Management of Stevens-Johnson Syndrome
Immediately discontinue all suspected culprit medications and transfer the patient without delay to a specialized burn center or intensive care unit with multidisciplinary expertise in managing extensive skin loss, particularly when body surface area involvement exceeds 10%. 1, 2
Immediate Life-Saving Actions
Stop the offending drug immediately – this is the single most critical intervention that directly impacts mortality. 1, 2 The FDA specifically warns that carbamazepine, lamotrigine, and other high-risk medications should be discontinued at the first sign of rash and never resumed if SJS/TEN is suspected. 3
Calculate SCORTEN within 24 hours to predict mortality risk (ranging from 1% with score 0 to 99% with score 7) and guide intensity of care. 1, 2 This scoring system uses seven parameters including age, malignancy, heart rate, body surface area involvement, serum glucose, bicarbonate, and urea levels. 1
Transfer to specialized care immediately – patients with >10% body surface area (BSA) epidermal detachment require urgent transfer to a burn center or ICU experienced in SJS/TEN management. 1, 2, 4 Delayed transfer significantly increases mortality risk. 2, 4
Specialized Care Environment
Barrier-nurse the patient in a temperature-controlled side room (25-28°C) on a pressure-relieving mattress with humidity control. 1, 2 This prevents hypothermia and reduces infection risk, as septicemia is the leading cause of death. 1, 5
Multidisciplinary Team Coordination
Coordinate care through a team led by a dermatologist or plastic surgeon specializing in skin failure, including: 1, 2
- Intensive care physicians
- Ophthalmologist (consultation within 24 hours is mandatory) 1, 2
- Specialist skincare nurses
- Additional specialists as needed: respiratory medicine, gastroenterology, gynecology, urology, oral medicine, microbiology, pain team, dietetics, physiotherapy, pharmacy 1, 2
Supportive Care Framework
Fluid Management
Establish adequate intravenous fluid replacement guided by urine output and hemodynamic parameters, using urinary catheterization when indicated. 2, 4
Avoid overaggressive fluid resuscitation – this causes pulmonary, cutaneous, and intestinal edema. 1, 2, 4 Careful monitoring is essential as SJS/TEN patients are prone to both hypovolemia and fluid overload. 1
Wound Care Protocol
Handle skin with extreme care to minimize shearing forces that cause further epidermal detachment. 1, 2, 4 Day-to-day care should be performed by specialist nurses familiar with skin fragility disorders. 1
Leave detached epidermis in situ to act as a biological dressing. 2, 4 Decompress blisters by piercing and expressing fluid without removing the overlying skin. 2
Apply greasy emollient (50% white soft paraffin with 50% liquid paraffin) over the entire epidermis including denuded areas every few hours. 2, 4 This supports barrier function, reduces transcutaneous water loss, and encourages re-epithelialization. 1, 2
Gently irrigate wounds with warmed sterile water, saline, or chlorhexidine (1/5000). 2, 4
Apply nonadherent dressings (such as Mepitel or Telfa) to denuded dermis with secondary foam or burn dressings to collect exudate. 2, 4 This reduces fluid and protein loss, limits microbial colonization, controls pain, and accelerates re-epithelialization. 1, 2
Infection Prevention and Management
Do not use prophylactic systemic antibiotics – this is a critical pitfall that increases skin colonization with resistant organisms, particularly Candida albicans. 1, 2, 4 This recommendation is consistently emphasized across all guidelines.

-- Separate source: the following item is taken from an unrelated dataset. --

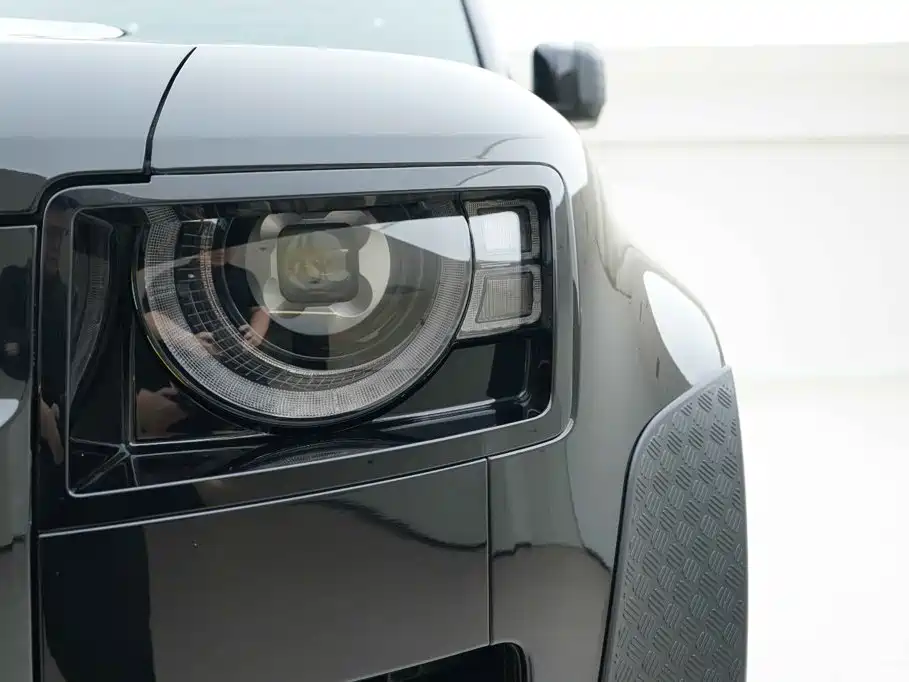 Land Rover Defender — миниатюра 14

Monitor for clinical signs of infection including confusion, hypotension, reduced urine output, reduced oxygen saturation, rising C-reactive protein, and neutrophilia. 2, 4
Take swabs for bacterial and candidal culture from three lesional areas on alternate days. 2, 4
Institute targeted antimicrobial therapy only when clinical signs of infection appear. 1, 2, 4 Monoculture of organisms on swabs from multiple sites indicates increased likelihood of invasive infection requiring treatment. 4
Nutrition Support
- Provide continuous enteral nutrition throughout the acute phase: 2
Pain Management
Use validated pain assessment tools at least once daily. 2, 4
Provide adequate background analgesia with simple analgesics to ensure comfort at rest, plus additional opioid analgesia for breakthrough pain. 1, 2
Consider intravenous opioid infusions for those not tolerating oral medication, patient-controlled analgesia where appropriate, or sedation/general anesthesia for patient handling, repositioning, and dressing changes. 2, 4
Mucosal Management
Ocular Care (Critical for Preventing Permanent Blindness)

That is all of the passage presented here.